The Review about the Kinetics of Monoterpenes Formation in Plants of Sort Artemisia

Essential oils from plants of sort Artemisia are applicable in various branches of perfumery, pharmaceutical and the food-processing industry. Predominant components and their content define practical value of essential oil. Many explorers [1-3] studied the oils composition obtained from plants of sort Artemisia. The basic valuable components of essential oils are various representatives of monoterpenes. The huge actual data about the monoterpenic reproduction during the vegetative period of various ethereous-carrier plants is saved up. But numerous researches, as a rule, confine some selves by the only exposition of exact predominant components within the limits of any taxon-carrier for practical purposes [4-6]. In the present review the author’s kinetic model affixed to the reproduction of monoterpenic hydrocarbons in life cycle of five Crimean plants of sort Artemisia [7-9] and to that from Eastern Siberia (A.glauca) [10] is used. Monoterpenes possess various biological effect: one with an open chain are used in perfumery (citral, geraniol, linalyl ester) and other are used in the food-processing industry as gustatory components. Between cyclical monoterpenes there are widely known medical products: menthol, terpin hydrate (monocyclic), camphor (bicyclic) [11-13]. Composition of monoterpenic components and their content in plants define as the quality and the industrial utility of received essential oil. By the method of hydro distilling from plants of type Artemisia abrotanum, A.annua, A.dracunculus, A.glauca, A.taurica, A.scoparia essential oils had been received, and then they are parted by the chromate-mass spectroscopy on components and are identified.

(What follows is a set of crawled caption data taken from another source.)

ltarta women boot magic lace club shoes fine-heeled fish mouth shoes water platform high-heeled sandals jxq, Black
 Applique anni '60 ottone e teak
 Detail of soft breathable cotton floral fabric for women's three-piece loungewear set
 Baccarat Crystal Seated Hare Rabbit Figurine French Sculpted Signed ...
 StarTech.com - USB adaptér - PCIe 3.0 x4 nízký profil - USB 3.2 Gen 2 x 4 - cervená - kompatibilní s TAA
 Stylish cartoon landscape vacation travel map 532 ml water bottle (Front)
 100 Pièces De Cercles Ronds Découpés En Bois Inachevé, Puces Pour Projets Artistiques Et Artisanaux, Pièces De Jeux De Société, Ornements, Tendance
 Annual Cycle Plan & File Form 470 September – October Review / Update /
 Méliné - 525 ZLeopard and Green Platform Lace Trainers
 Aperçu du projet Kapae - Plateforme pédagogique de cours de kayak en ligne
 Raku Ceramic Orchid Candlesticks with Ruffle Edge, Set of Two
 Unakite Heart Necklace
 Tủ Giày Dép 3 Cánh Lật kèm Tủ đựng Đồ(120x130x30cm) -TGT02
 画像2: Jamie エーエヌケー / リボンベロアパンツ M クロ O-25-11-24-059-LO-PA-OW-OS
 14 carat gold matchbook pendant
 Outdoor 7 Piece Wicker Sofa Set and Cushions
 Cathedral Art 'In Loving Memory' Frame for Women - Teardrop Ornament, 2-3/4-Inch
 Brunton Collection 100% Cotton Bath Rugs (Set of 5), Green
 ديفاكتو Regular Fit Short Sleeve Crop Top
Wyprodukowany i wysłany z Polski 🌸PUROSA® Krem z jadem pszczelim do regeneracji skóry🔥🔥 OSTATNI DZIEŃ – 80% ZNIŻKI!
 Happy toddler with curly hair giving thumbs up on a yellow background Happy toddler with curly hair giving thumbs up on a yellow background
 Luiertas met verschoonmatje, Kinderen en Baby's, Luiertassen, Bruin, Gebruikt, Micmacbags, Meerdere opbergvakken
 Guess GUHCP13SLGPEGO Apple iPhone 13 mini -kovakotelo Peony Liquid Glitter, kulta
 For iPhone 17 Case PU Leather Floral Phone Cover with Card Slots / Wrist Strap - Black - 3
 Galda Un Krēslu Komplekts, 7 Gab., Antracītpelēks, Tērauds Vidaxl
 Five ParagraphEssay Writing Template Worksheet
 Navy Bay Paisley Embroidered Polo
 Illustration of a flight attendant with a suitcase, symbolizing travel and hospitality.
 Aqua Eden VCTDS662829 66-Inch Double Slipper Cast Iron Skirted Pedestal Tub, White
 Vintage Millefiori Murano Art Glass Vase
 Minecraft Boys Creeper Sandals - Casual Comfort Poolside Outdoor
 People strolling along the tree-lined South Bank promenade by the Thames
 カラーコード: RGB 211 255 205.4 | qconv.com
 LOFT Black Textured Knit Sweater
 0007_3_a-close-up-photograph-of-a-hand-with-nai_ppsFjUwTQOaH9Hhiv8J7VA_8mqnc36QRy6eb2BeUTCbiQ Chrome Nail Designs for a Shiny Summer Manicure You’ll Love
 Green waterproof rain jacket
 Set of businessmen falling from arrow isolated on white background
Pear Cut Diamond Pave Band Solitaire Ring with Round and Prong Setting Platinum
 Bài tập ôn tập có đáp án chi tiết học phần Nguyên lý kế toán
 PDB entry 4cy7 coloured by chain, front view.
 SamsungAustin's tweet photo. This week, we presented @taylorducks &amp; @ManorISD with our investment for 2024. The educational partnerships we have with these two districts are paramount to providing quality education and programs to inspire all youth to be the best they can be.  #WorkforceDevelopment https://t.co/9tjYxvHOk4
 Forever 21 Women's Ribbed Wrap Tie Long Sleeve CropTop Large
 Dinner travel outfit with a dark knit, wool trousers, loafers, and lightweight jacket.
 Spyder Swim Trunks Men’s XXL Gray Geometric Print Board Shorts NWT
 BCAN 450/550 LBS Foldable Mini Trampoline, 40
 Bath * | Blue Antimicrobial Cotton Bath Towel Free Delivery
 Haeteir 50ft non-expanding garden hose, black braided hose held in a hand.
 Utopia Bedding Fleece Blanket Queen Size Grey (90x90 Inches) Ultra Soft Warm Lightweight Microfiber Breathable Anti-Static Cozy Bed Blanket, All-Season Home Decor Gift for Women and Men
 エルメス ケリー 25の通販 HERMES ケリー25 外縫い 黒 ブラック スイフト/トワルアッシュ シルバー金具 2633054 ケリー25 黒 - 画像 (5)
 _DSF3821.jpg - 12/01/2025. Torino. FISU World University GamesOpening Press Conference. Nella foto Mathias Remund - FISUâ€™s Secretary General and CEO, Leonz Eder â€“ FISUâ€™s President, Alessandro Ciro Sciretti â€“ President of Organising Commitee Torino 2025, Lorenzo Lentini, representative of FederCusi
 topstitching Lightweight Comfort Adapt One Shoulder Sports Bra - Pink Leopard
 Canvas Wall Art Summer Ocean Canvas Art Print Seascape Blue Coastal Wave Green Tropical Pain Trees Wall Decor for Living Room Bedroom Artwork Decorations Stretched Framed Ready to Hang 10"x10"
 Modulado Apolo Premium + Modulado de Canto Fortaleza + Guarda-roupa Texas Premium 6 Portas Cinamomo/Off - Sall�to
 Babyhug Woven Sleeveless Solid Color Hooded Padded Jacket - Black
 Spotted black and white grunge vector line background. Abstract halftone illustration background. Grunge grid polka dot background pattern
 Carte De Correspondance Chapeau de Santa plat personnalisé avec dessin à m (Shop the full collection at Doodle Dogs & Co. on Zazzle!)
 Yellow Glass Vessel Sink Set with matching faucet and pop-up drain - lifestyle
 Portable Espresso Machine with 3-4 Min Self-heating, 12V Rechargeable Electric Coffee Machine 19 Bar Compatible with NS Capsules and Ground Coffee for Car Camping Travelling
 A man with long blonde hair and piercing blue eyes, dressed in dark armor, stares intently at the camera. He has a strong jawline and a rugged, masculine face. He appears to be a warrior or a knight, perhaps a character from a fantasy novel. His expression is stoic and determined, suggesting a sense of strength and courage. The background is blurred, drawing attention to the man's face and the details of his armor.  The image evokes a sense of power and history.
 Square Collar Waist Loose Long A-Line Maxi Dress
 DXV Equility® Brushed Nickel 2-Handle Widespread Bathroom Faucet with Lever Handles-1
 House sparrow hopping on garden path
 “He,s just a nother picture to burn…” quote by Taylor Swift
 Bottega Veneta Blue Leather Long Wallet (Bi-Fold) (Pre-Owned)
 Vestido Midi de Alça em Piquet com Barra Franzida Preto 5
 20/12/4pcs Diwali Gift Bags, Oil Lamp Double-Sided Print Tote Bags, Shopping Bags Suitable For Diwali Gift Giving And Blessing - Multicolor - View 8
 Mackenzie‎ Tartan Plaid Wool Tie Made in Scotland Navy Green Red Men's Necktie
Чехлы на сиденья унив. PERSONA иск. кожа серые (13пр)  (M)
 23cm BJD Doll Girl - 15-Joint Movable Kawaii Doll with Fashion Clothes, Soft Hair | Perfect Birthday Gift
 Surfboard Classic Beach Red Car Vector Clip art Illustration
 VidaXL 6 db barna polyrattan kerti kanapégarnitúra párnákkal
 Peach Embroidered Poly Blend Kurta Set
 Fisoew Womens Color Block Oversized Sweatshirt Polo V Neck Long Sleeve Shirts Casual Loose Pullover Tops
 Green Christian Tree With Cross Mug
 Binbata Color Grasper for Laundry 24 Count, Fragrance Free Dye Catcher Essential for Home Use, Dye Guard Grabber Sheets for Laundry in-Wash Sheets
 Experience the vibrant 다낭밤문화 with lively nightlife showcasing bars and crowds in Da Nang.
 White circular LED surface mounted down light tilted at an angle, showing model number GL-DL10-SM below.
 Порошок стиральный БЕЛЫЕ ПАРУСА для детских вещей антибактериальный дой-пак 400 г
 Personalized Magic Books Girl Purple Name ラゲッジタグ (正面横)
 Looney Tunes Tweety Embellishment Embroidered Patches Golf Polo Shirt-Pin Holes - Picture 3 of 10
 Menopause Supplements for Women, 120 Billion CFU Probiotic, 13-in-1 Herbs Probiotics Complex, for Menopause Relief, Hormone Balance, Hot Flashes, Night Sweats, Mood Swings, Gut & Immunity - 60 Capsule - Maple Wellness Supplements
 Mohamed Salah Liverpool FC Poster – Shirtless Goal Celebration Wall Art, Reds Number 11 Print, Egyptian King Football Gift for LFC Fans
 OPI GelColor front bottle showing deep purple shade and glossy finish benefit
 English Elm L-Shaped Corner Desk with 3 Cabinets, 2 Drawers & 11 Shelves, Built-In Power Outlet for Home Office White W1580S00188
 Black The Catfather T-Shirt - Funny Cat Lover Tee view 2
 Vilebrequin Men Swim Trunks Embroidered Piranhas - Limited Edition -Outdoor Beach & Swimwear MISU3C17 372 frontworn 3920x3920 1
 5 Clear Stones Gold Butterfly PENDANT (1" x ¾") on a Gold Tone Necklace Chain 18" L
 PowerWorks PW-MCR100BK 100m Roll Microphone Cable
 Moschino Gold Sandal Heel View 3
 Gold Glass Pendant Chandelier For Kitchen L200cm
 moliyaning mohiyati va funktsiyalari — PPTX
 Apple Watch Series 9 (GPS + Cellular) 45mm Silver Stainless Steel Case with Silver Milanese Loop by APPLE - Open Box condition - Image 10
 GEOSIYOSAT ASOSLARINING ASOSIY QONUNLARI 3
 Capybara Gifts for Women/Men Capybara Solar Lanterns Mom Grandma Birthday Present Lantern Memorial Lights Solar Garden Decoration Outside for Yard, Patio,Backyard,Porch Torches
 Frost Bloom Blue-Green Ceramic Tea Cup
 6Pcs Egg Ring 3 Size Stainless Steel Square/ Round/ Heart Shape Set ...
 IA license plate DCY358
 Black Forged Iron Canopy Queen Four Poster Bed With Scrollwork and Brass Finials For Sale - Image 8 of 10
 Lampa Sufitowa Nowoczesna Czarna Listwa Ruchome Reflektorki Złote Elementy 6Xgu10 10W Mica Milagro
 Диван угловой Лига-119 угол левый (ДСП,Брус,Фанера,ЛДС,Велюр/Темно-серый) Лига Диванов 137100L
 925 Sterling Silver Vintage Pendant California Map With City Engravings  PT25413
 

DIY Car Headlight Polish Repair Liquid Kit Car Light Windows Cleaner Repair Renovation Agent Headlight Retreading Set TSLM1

Then monoterpenic components of essential oils have been distributed according to their ring formation degree. For each degree of ring formation, as shown in the article [14], one calculated the normalized concentrations according to vegetation phases, namely: I – the vegetation beginning, II – budding, III – mass blooming, IV – maturing of seeds. Thus, one obtained the accumulation mass fractions of not exact compounds in studied plants, but the generalized carbocyclic structures, such as: acyclic (X2), monocyclic (Y2) and bicyclic (Z) (Figure 1), which can be extrapolated on all plants and to evolve the general regularities of their accumulation. The finding of singularities in a connatural monoterpenes biosynthesis was made by own kinetic model reduced in the article [15,16]. Data about the qualitative composition and the quantitative maintenance of monoterpene’s components in the essential oils obtained from plants of sort Artemisia balchanorum Krasch was given in the article [15]. Such experimental data about the essential oil’s composition have been compared with the steps of calculated curves so that these curves must be maximum corresponded to the data (Figure 1) according to the known algorithm of the regressive analysis (Fisher’s criterion), reduced in the articles [15,16]. The received graphic solutions of a differential equations system represent those selves a data bank of monoterpenes accumulative dynamics in the plants growing as in the Crimean region and in Eastern Siberia also. Thus, the quality and quantitative content of monoterpene’s hydrocarbons in two sort plants samples of Artemisia balchanorum is detected during all phases of vegetation with the distribution of the components according to the degree of cyclization and with the definition of their group quantity properties and it is placed on the (Figure 1).

Also, we constructed the similar calculated curves for the extract compositions from some other plants samples of vegetable species Artemisia balchanorum according to their ring formation degree during all phase’s vegetation (the phases I-IV), as it is demonstrated on the (Figure 2). The steps of graphic curves (1) (Figures 1 & 2) indicate on the possibility to describe vegetative types by the kinetic methods according to the graphic maps, which demonstrate the efficiency of the investigated monoterpenes groups. There are accurate enough graphic differences between six types of the plants, despite the uniform mechanism of biosynthetic process (Figure 2). The constants of biosynthesis and the factor planes for each vegetative type are presented in the article [15]. For the medical industry it is more perspective to cultivate just the plant A. glauca Pall. ex Willd, which is rich monocyclic terpenes (β -fellandren, γ-terpinen, terpinolene) for use that as medical products [10-13]. There is a wide spectrum of benefit performance biological properties [17], which is corresponded to the components of essential oils from plants A. annua L., such as A. abrotanum L., A. dracunculus L., A. scoparia Waldst. et Kit. Artemisia Taurica Willd. Data of Figures 1 & 2 show a possibility to organize the harvesting of these plants such way that its results will lead to demanded composition of monoterpenes in the essential oils according to the corresponded vegetative phase.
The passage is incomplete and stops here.